Objectives The aim of the study is to design an ontology model for the representation of assets and its features in distributed health care environments. Allow the interchange of information about these assets through the use of specific vocabularies based on the use of ontologies.
Methods Ontologies are a formal way to represent knowledge by means of triples composed of a subject, a predicate, and an object. Given the sensitivity of network assets in health care institutions, this work by using an ontology-based representation of information complies with the FAIR principles. Federated queries to the ontology systems, allow users to obtain data from multiple sources (i.e., several hospitals belonging to the same public body). Therefore, this representation makes it possible for network administrators in health care institutions to have a clear understanding of possible threats that may emerge in the network.
Results As a result of this work, the “Software Defined Networking Description Language—CUREX Asset Discovery Tool Ontology” (SDNDL-CAO) has been developed. This ontology uses the main concepts in network assets to represent the knowledge extracted from the distributed health care environments: interface, device, port, service, etc.
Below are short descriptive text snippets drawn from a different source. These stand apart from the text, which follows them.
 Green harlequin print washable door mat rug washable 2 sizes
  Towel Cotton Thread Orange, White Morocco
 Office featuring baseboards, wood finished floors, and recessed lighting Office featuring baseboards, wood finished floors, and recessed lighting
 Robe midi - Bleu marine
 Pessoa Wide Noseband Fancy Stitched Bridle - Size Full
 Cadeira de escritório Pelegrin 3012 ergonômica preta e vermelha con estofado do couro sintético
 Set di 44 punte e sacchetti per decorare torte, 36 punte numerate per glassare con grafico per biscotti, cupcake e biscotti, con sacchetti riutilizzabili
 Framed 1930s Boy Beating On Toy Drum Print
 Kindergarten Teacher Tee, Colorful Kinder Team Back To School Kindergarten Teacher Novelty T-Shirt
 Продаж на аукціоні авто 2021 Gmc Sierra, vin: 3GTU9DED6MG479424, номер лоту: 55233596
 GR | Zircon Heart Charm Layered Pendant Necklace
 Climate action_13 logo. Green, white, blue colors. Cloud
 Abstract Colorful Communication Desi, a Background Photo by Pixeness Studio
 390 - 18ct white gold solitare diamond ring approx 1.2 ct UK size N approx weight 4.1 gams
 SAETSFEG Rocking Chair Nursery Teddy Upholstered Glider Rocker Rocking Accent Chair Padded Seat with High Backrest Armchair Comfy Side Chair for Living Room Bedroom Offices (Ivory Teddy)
Conclusion The developed SDNDL-CAO ontology allows to represent the aforementioned knowledge about the distributed health care environments. Network administrators of these institutions will benefit as they will be able to monitor emerging threats in real-time, something critical when managing personal medical information.
Received: 14 April 2021
Accepted: 20 July 2021
Article published online:
05 October 2021
© 2021. The Author(s). This is an open access article published by Thieme under the terms of the Creative Commons Attribution-NonDerivative-NonCommercial License, permitting copying and reproduction so long as the original work is given appropriate credit. Contents may not be used for commercial purposes, or adapted, remixed, transformed or built upon. (https://creativecommons.org/licenses/by-nc-nd/4.0/)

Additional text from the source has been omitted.